しかし、ブログシステムを独自開発しても自社で会員を集めて拡大するには無理がある。大手ネット企業の個人向けブログサイトにOEM提供して、その実績を武器に、一般企業へ社内ブログやビジネスブログ用のシステムとして売り込んだ。
この戦略が当たって、同社の知名度は一気に高まった。今年度(06年3月)中間期にはすでに前期の売上高を上回り、通期では2.9倍の6億9000万円に拡大する見込みだ。さらに、今年2月には、東証マザーズ上場も果たした。
ブログでは先頭を走ってきたが、ネットの可能性には「まだまだ白紙の部分が多い」。世界のトップランナーを目指す余地はいくらでもある。ブログで培った力をWeb2.0のサービスなど新たな展開につなげる。
ネット社会が進歩したとはいえ、その歴史はまだ十数年程度でしかない。「記録メディアの変遷にたとえたら、今のネット環境はまだまだカセットテープ段階の時代かもしれない」。

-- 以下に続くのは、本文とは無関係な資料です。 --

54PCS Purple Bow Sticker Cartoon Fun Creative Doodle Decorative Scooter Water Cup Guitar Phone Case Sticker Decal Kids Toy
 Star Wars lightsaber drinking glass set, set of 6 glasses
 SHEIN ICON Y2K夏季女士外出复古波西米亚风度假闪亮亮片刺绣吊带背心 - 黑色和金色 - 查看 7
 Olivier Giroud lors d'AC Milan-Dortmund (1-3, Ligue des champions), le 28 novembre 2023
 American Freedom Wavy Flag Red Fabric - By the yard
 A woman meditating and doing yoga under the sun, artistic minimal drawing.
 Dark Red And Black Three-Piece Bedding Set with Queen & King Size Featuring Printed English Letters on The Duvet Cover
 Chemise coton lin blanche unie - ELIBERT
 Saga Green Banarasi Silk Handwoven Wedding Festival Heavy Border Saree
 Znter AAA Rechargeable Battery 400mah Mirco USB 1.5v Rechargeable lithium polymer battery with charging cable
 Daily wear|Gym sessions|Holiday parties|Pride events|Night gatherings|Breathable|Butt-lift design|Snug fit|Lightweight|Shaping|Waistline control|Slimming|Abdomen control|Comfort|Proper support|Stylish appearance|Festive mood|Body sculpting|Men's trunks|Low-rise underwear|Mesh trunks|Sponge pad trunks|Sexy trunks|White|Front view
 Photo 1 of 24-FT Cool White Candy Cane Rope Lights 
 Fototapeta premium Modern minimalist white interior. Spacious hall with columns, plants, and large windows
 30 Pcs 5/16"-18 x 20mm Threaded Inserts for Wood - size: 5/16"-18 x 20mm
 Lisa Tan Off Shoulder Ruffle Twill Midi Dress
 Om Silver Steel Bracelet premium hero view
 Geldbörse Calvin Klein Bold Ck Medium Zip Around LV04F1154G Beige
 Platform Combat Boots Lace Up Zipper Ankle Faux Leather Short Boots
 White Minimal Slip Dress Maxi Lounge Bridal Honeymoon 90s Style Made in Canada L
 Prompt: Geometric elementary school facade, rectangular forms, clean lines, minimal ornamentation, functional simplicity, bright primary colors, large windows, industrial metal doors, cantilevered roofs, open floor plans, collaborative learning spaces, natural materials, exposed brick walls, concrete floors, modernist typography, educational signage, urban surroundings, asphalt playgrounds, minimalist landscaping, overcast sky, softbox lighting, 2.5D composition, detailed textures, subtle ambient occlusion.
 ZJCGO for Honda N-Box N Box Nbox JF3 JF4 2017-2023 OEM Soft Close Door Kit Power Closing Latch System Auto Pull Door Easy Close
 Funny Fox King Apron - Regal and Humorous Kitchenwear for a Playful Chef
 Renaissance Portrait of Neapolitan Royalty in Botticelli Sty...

リーバイスのサクセスストーリーが経営の手本だという。ゴールドラッシュ時代に鉱夫向けにつくったジーンズが新しい時代のファッションを生み出した。次世代を切り開く新しいモデルを生み出すのが夢だ。
プロフィール
内藤 裕紀
(ないとう ゆうき)1978年生まれ。東京都出身。98年、京都大学経済学部入学。01年11月、在学中に有限会社ドリコム設立。03年、同社を株式会社化。04年、東京支社開設。05年、ドリコムテック設立。05年3月、京都大学中退。06年2月、東証マザーズ上場。現在、最年少の上場企業社長。